Palin’s Speech Brings CPAC to Rousing Finish
Sunday, 09 Mar 2014 08:03 AM By Todd Beamon
Former Alaska Gov. Sarah Palin roused the crowd at the Conservative Political Action Conference on Saturday with a wide-ranging attack on President Barack Obama — charging at one point that “the only thing that stops a bad guy with a nuke is a good guy with a nuke.”
Obama’s “feckless” foreign policy has embolden Russian President Vladimir Putin — allowing some “very, very, very bad dudes to gain ground,” the 2008 Republican vice presidential candidate said in her closing keynote at the Gaylord National Resort and Convention Center at National Harbor outside Washington.
The president, she said, “would gut our arsenal while he allows others — enemies — to enrich theirs.
“Mr. President, the only thing that stops a bad guy with a nuke is a good guy with a nuke,” Palin said, drawing sustained cheers and applause from the packed ballroom audience.

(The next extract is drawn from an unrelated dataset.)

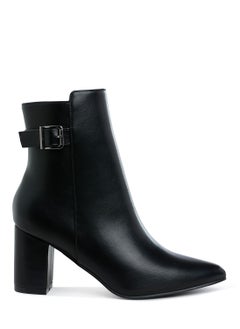 Buy Belt Detail Block Heel Boots in Black in UAE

But she later added: “I’m sorry. I’m probably being too hard on the president. After all, who could’ve seen this coming?”
The reference was to her triumphing over news reports that attacked her for predicting during the 2008 campaign that Putin would invade Ukraine if Obama won the White House. The audience went wild.
It was these zingers and one-liners — told in classic Palin fashion — that peppered her rollicking speech, which lasted nearly 40 minutes. They kept the attendees energized, excited — even chanting “Run, Sarah, run!” when she talked of the GOP re-taking the presidency in 2016.
The former governor started slamming Obama within seconds after stepping to the podium.
“I love coming back here,” Palin began, “because there are always so many young people. Or, as you’re known as by the folks across the river, Obamacare suckers.”
The president has long contended that millennials were crucial to the success of his signature healthcare law, because they would offset the cost of insuring older, sicker Americans.
“You are the ones,” Palin added. “You’re the ones who’ll pay the bills in our brave, new world.”
She said that in the past year, Americans have “woken up” to the realities of living under President Obama’s policies.
“Yes, something did happen: We became a wiser Republic. Americans know now what the giants of our movement have always told us. They all said, ‘There ain’t no such thing as a free lunch. . .
“There’s no free ride,” Palin added. “Someone pays. Someone always pays — and if you don’t know who that someone is, it’s probably you.”
She said that the “social-engineering politicos” in Washington also learned that “Americans aren’t quite as obedient as they thought we were.”
Citing such recent scandals as the IRS targeting conservative and tea party groups in the applications for tax-exempt status, the deaths of four Americans in the Benghazi attacks, and the failed promises of Obamacare, Palin said, “We didn’t jump through those hoops the way that we were supposed to.”
Americans “went rogue” — she said — and started attacking the government, including such Republicans as Texas Sen. Ted Cruz.
She praised the tea party-backed senator for helping to “keep them awake,” referring to him speaking for 21 hours and 19 minutes against Obamacare on the Senate floor last September.
“His filibuster worked in waking people up to the folly of a government takeover of another one-sixth of our economy,” Palin said. “He forced debate.
“But our army balked. We hoped that they were just reloading, but instead they retreated,” she added, referring to mainstream Republicans who voted to keep funding the healthcare plan in legislation passed last year.
“And worse — worse: They joined the lapdogs in the lamestream [media] to trash the foot soldiers who had fought for America.”
Besides Cruz, Palin praised such Republicans as Sens. Rand Paul of Kentucky and Mike Lee of Utah, and Rep. Louie Gohmert, who also represents Texas.
“We’ve got some good guys in there. They carry the common-sense gene,” she said — pointing to the legislators as evidence of a bright future for the GOP in holding onto the House, while re-claiming the Senate this fall and the White House in 2016.
But what brought the strongest applause from the CPAC crowd was Palin’s variations on the Dr. Seuss 1960 classic, “Green Eggs and Ham.” Cruz read the book to his children during his Senate floor standoff last year.
Pulling out a copy of the book — some attendees shouted, “Read to us!” — Palin offered these lines:
“I do not like this Uncle Sam. I do not like his healthcare scam. I do not like these dirty crooks, for how they lie and cook the books. I do not like when Congress stills. I do not like their crony dills.
“I do not like this spying, man. I do not like ‘Oh, yes we can.’ I do not like this spending spree. We’re smart, we know there’s nothing free. I do not like reporters’ smug replies when I complain about their lies.
“I do not like this kind of hope, and we won’t take it — nope, nope, nope.”
Palin noted that some of the lines came from the Internet. “I winged the other ones.”